By Russell Louis C. Ku

THE HOUSE Committee on Ways and Means on Monday approved a proposed law that scraps a 150% tax hike on private schools.

In a hearing, the panel approved the committee report and substitute House Bill 9913, which amends Section 27 (B) of the National Internal Revenue Code (NIRC) of 1997 to apply the 10% preferential tax rate to all proprietary educational institutions and nonprofit hospitals from Jan. 1, 2012 to June 30, 2020.

However, the bill states that no tax credit or refund can be granted due to this reduced tax rate during the period.

Under the bill, private schools will also be given a reduced tax rate of 1% from July 1, 2020 to June 30, 2023, as provided for under Republic Act 11534 or the Corporate Recovery and Tax Incentives for Enterprises (CREATE) law. After the relief under CREATE expires, the tax rate will revert to 10%.

“The income of nonstock, nonprofit educational institutions not used actually, directly and exclusively for educational purposes shall be subject to the rate of tax under this subsection,” according to the bill.

The Bureau of Internal Revenue (BIR) recently suspended certain provisions of Revenue Regulations (RR) No. 5-2021 that excluded nonprofit private schools from availing themselves of the preferential tax and effectively increased the rate to the 25% regular corporate income tax. 

“To ease the burden of taxation among proprietary educational institutions, especially during this time of COVID-19 pandemic, and taking into account the pending bills in Congress… to finally clarify the income taxation of schools, the implementation of the following provisions of RR 5-2021 dated 8 April 2021 are hereby suspended pending passage of such appropriate legislation,” the BIR said in RR No. 14-2021.

Albay Rep.
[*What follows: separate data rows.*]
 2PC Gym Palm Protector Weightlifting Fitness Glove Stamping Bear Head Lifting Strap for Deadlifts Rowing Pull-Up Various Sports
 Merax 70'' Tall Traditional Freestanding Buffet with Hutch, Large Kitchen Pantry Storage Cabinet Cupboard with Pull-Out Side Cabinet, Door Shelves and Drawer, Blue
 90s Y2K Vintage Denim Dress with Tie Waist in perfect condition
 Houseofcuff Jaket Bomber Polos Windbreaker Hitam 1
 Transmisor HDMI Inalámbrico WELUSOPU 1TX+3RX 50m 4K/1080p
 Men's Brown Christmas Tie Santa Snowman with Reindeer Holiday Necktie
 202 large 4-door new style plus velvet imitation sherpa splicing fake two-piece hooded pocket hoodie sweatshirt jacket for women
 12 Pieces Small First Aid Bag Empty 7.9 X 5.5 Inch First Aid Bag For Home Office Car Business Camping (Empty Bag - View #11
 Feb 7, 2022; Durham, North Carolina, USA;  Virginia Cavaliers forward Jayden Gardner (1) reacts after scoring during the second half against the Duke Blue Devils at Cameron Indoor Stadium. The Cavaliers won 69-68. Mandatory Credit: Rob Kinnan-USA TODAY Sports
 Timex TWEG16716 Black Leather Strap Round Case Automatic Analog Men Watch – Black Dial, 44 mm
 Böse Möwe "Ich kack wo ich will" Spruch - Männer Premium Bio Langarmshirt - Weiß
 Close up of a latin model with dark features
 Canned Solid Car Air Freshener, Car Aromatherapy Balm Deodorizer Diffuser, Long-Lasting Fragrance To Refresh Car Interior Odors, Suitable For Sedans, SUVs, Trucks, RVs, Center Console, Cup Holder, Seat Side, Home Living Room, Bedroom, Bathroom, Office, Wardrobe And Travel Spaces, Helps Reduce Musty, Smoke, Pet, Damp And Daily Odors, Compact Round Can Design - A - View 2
Jose Ma. Clemente S. Salceda, chairman of the House Ways and Means committee, said via Viber that the tax hike would have forced private schools to lay off over 20,000 jobs, in addition to the 80,000 jobs already lost during the pandemic.

Mr. Salceda said in a separate statement the enactment of the bill along with the reduced tax rate under the CREATE law would allow schools to “save an equivalent of 3.43% of compensation expenses, which could help them rehire at least 12,996 teachers at the start of the next school year.”

He expects the bill to be passed with “very little” resistance on the House floor and hopes for the measure to be transmitted to Malacañang before the year ends.

“I do expect some amendments, particularly on the use of tax savings towards lower tuition. These are good amendments in principle, although the question of implementation is still there,” he added.

Coordinating Council of Private Educational Associations Managing Director Joseph Noel M. Estrada said the “overwhelming support” for the bill raises hopes it would be approved by Congress before the break in September.

“We hope for the enactment of the law before end of the third and last session of this 18th Congress,” he said via mobile message.

The counterpart measure, Senate Bill 2272, is pending in the Senate Ways and Means committee.